Addition Deleted Due to Incorrect Accrual Taxation of Duty Drawback Income;  ITAT Rejects Accrual Basis Taxation Due to Clear Statutory Provision Under Section 145B(3);  Mismatch with CBEC Data Not Sufficient for Accrual Taxation of Duty Drawback Income.

In Bando India Private Limited Vs ITO, the Income Tax Appellate Tribunal, Delhi Bench, considered the taxability of duty drawback income for Assessment Year 2018–19. The assessee had filed its return declaring NIL income and offered duty drawback income on a receipt basis, consistent with its past accounting practice. During limited scrutiny, the Assessing Officer noted a mismatch between income declared and data from the Central Board of Excise and Customs, observing that a larger amount had been sanctioned. Since the assessee followed the mercantile system, the Assessing Officer taxed the balance amount of ₹9,25,662 on an accrual basis under Section 143(3), which was upheld by the CIT(A).

Before the Tribunal, the assessee argued that Section 145B(3) of the Income Tax Act, 1961 mandates taxation of duty drawback in the year of receipt and that this method had been consistently followed and accepted in earlier years. The Revenue contended that sanction of the amount created reasonable certainty of receipt, justifying taxation on accrual basis.

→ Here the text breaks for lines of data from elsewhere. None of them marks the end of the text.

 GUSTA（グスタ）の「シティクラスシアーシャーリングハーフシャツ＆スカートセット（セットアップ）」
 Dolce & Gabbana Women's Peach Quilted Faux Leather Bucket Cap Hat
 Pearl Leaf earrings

The Tribunal examined Section 145B(3), which provides that such income is deemed taxable in the year of receipt if not taxed earlier. It held that the statutory provision clearly supports taxation on receipt basis and that the Assessing Officer was not justified in taxing the amount on accrual basis. Accordingly, the addition of ₹9,25,662 was deleted, and the appeal was allowed.

FULL TEXT OF THE ORDER OF ITAT DELHI

The above captioned appeal is preferred by the assessee against the order dated 21.08.2025, passed by Commissioner of Income Tax (Appeals)/National Faceless Appeal Centre [for short, Ld. CIT(A)/NFAC], Delhi u/s 250 of the Income Tax Act, 1961 [hereinafter referred to as, “Act”] for A.Y. 2018-19 in Appeal No. NFAC/2017-18/10086237.

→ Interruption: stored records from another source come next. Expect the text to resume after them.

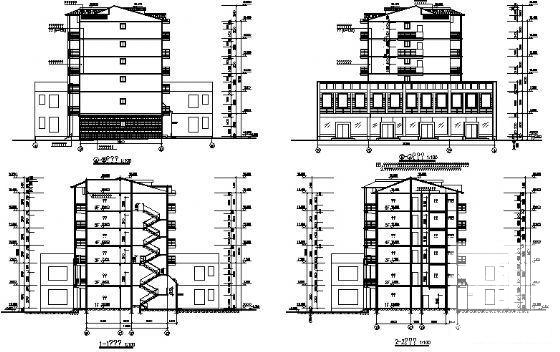 6层砖混结构底商住宅楼建筑CAD施工图纸 - 2
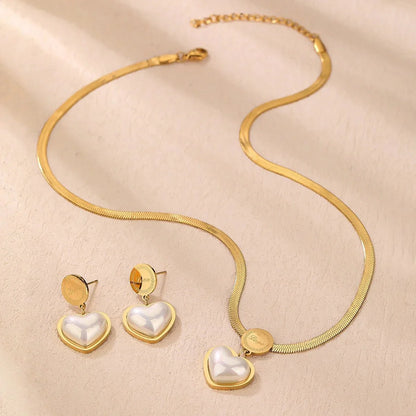 Herringbone Love Heart Necklace and Earrings Set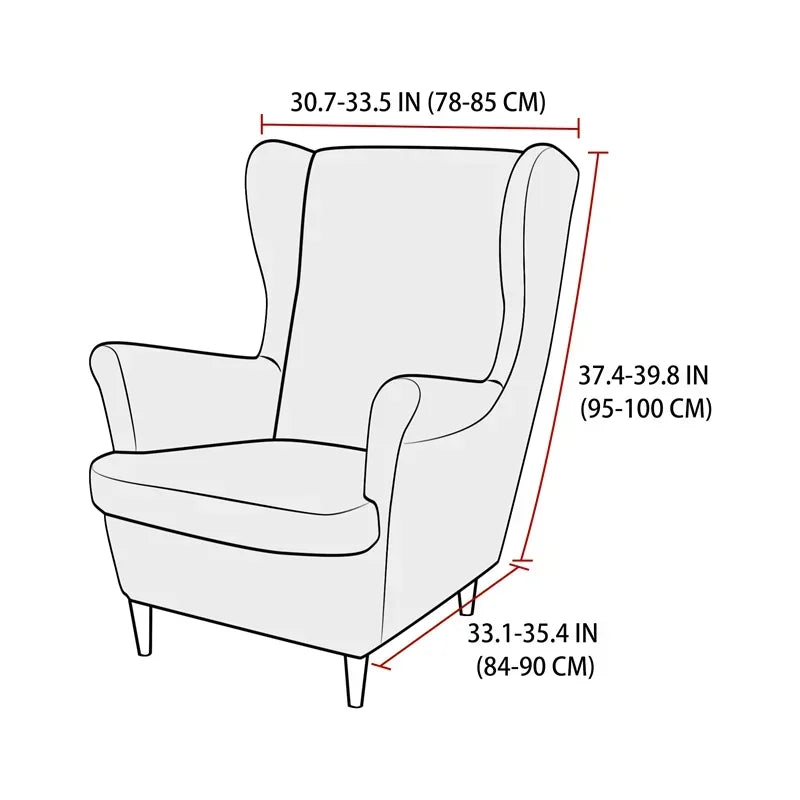 Polar Fleece Wing Chair Cover Stretch Wingback Sofa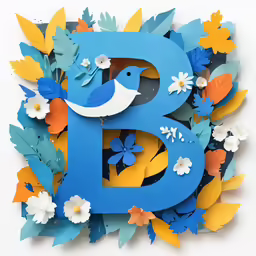 a blue and orange paper cutting is shown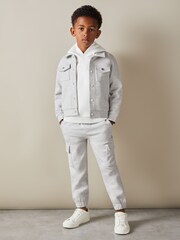 Reiss Grey Melange Carmello 3-9 yrs Textured Cotton Blend Jacket - Image 1 of 4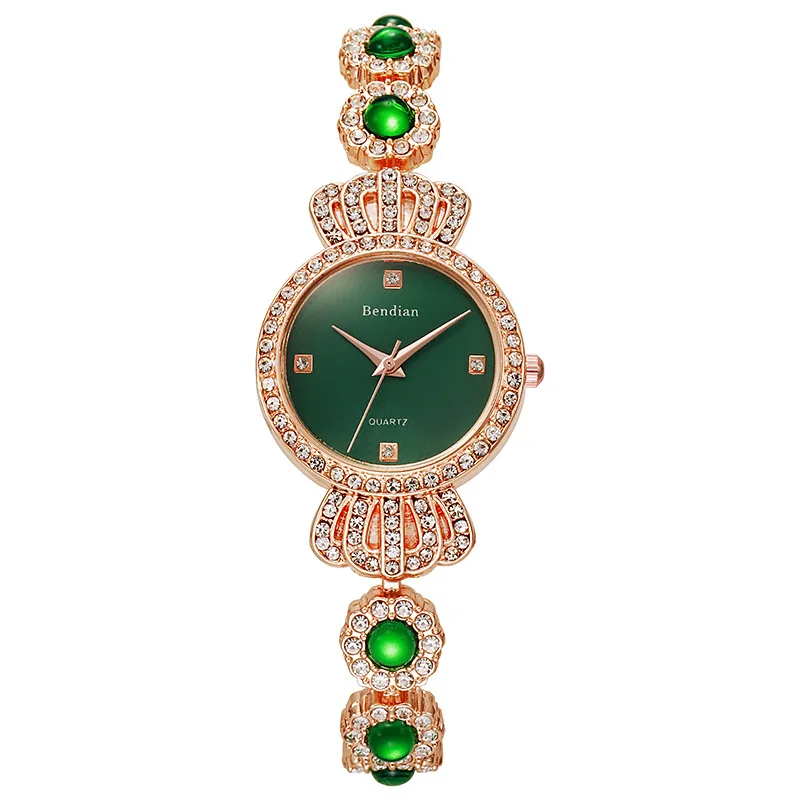 

Luxury Emerald Green Casual Fashion Bracelet Rose Gold women crown bracelet Diamond Quartz Watch Dial Watch Girls Gift Women New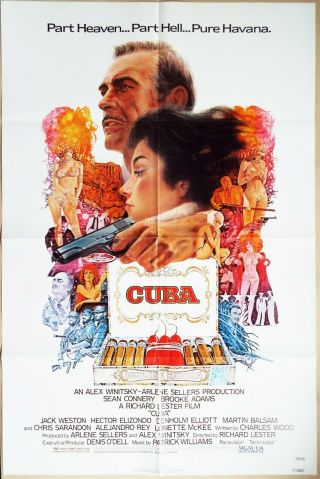 Cuba 1979 Sean Connery Brooke Adams Us One Sheet Poster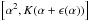 \hbox{$\left[ \alpha^2, K(\alpha + \epsilon(\alpha)) \right]$}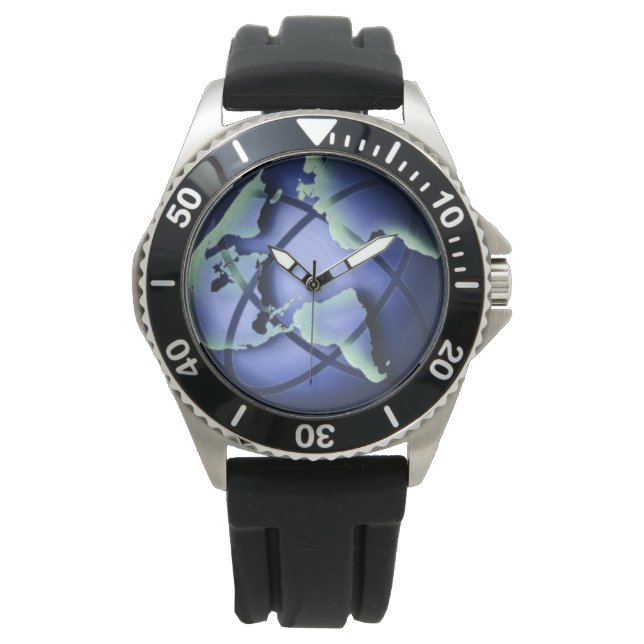 Blue World Earth Personalizado blanco reloj de pul (Anverso)
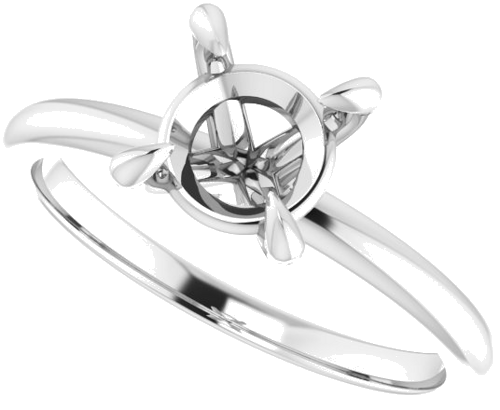 14K White  7 mm Round Solitaire Engagement Ring Mounting (5)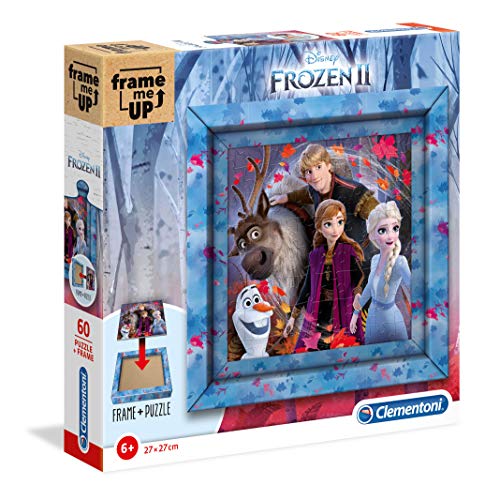 Clementoni 38803 Frame me up Frozen 2 – Puzzle 60 Teile ab 4 Jahren, buntes Kinderpuzzle inkl. Rahmen aus Karton, zum Aufhängen ohne Kleber, Geschicklichkeitsspiel für Kinder von Clementoni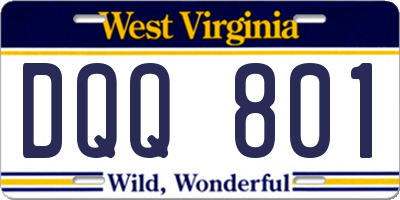 WV license plate DQQ801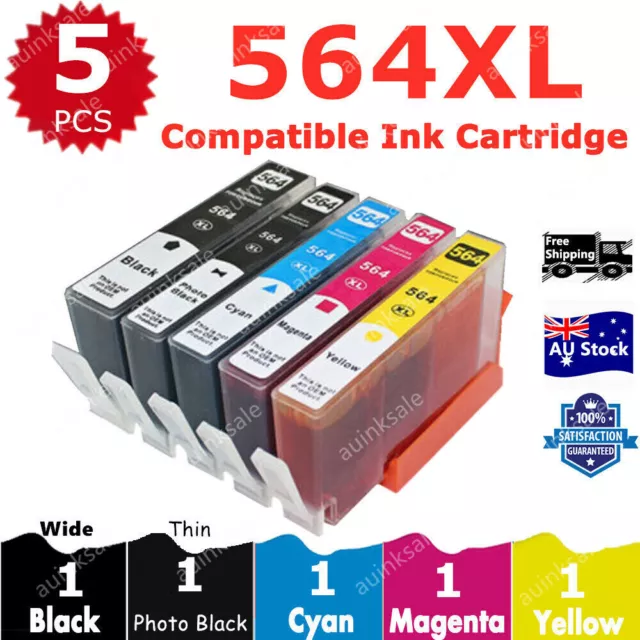 5x Non-OEM Hp564xl 564xl Ink Cartridges For Hp 5520 6520 3520 7520 4620 564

2. The assessee has raised following grounds of appeal:

“(i) That on the facts and circumstances of the case and in law Ld. CIT(A) has erred in confirming the addition of Rs. 9,25,662/- towards Duty Drawback, as erroneously made by the Ld. Assessing Officer u/s 143(3) order dated 03.09.2021.

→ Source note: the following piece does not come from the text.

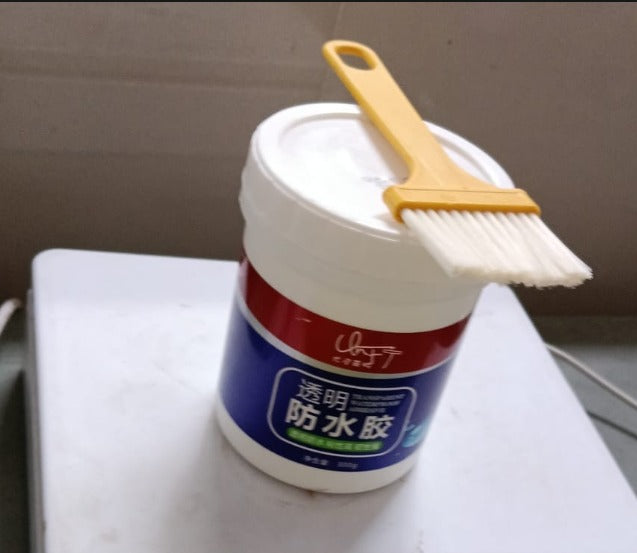 Bathora Transparent Waterproof Glue 300g container with its applicator brush.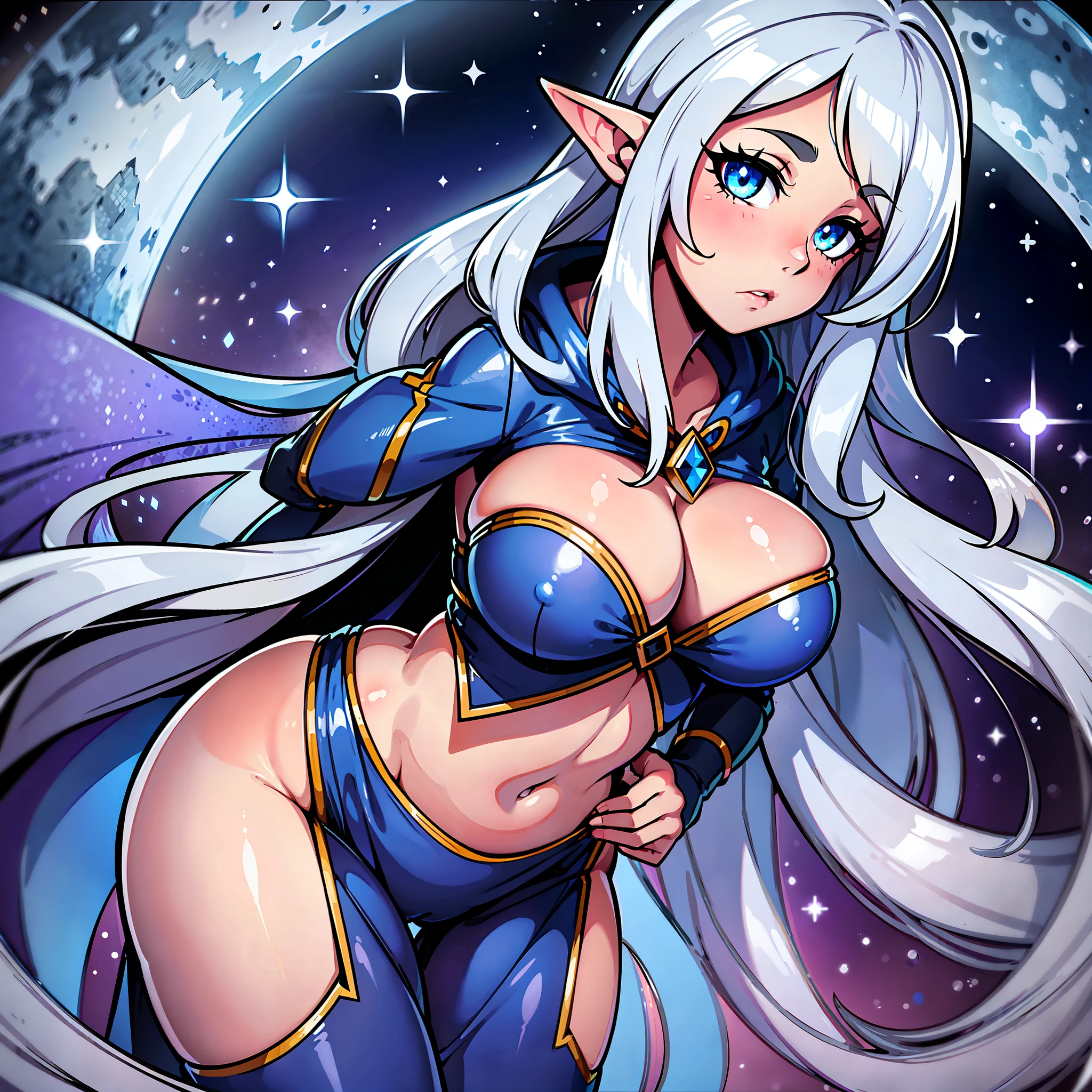 Elf ears, pointed ears, tight clothes, obscured face hooded, Mysterious, Enigmatic, Otherworldly, Solitary, Sage, Lunar being, Moonlight, Silver-white hair, Shimmering blue and silver ribbons, Moonlit night, Reflective eyes, Deep wisdom, Melancholy, Slender, Graceful, Pale luminescence, Moonlight glow, Silver-white hair, Shimmering blue and silver ribbons, Reflective eyes, Silvery-blue glow, Moonlit night, Flowing gown, Phases of the moon, Dark blue, Deep purple, Silver and gold celestial patterns, Stars, Moons, Constellations, High collar, Hood, Silver amulet, Delicate chain, lantern, Moon, Gentle source of light, Silver rings, Moonstones, 1girl, simple background, colored background, wide hips, full body, pin up, big butt, tease, stripping, sexy, sweaty, ahegao, big eyes, hood, mysterious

ii. That as per the specific provisions of Section 145B (3) r.w.s. 2(24)(xviii), Duty Drawback is taxable on Accrual basis.

iii. That Ld. CIT(A) and AO have both erred in taxing Duty Drawback of Rs. 9,25,662/- on accrual basis, when the appellant has been consistently declaring this income on actual receipt basis.

iv. That as per note no. 2 annexed with the audited financial statements, the appellant had declared the basis of preparation of financial statements as: “The accounting policies adopted in preparation of the financial statements are consistent with those of the previous years”.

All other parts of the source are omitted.